What the task asks ▸
Please transcribe the data below in full, word for word, without the images.

Given information ▸
===============

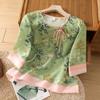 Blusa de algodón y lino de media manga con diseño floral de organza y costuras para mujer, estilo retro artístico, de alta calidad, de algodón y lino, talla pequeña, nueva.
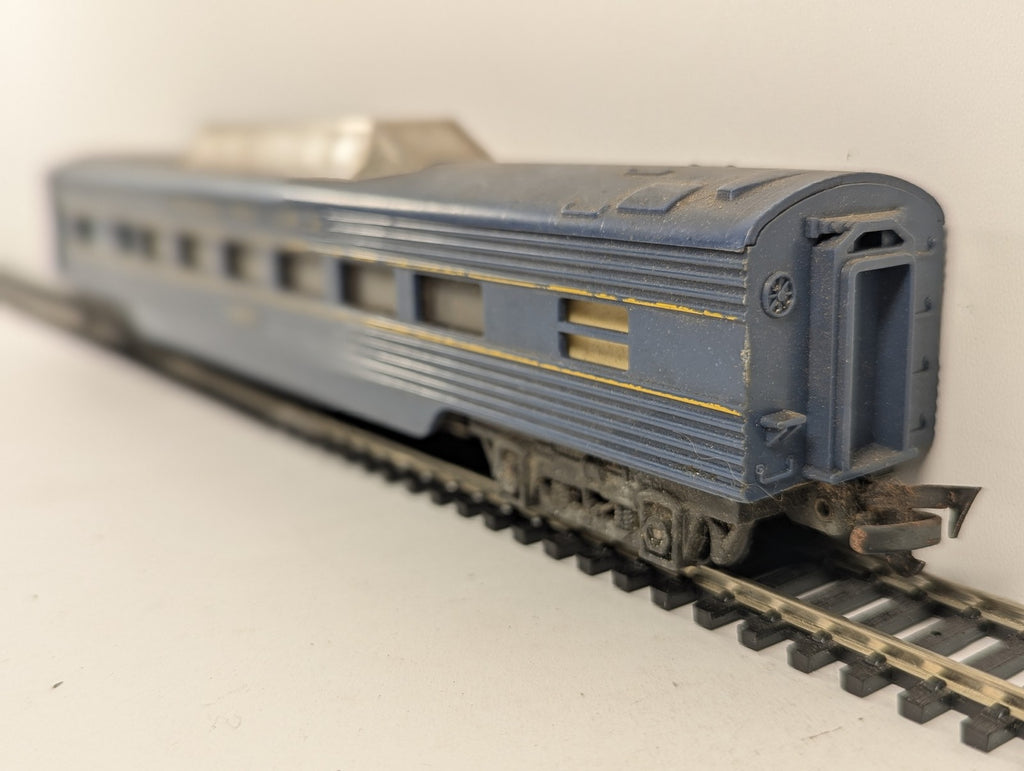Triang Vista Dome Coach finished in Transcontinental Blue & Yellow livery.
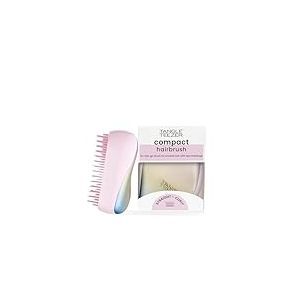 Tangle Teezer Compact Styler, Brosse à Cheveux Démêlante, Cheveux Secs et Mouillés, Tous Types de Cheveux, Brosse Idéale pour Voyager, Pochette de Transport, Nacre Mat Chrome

===============

Solution to this exercise ▸
 Blusa de algodón y lino de media manga con diseño floral de organza y costuras para mujer, estilo retro artístico, de alta calidad, de algodón y lino, talla pequeña, nueva.
Triang Vista Dome Coach finished in Transcontinental Blue & Yellow livery.
 Tangle Teezer Compact Styler, Brosse à Cheveux Démêlante, Cheveux Secs et Mouillés, Tous Types de Cheveux, Brosse Idéale pour Voyager, Pochette de Transport, Nacre Mat Chrome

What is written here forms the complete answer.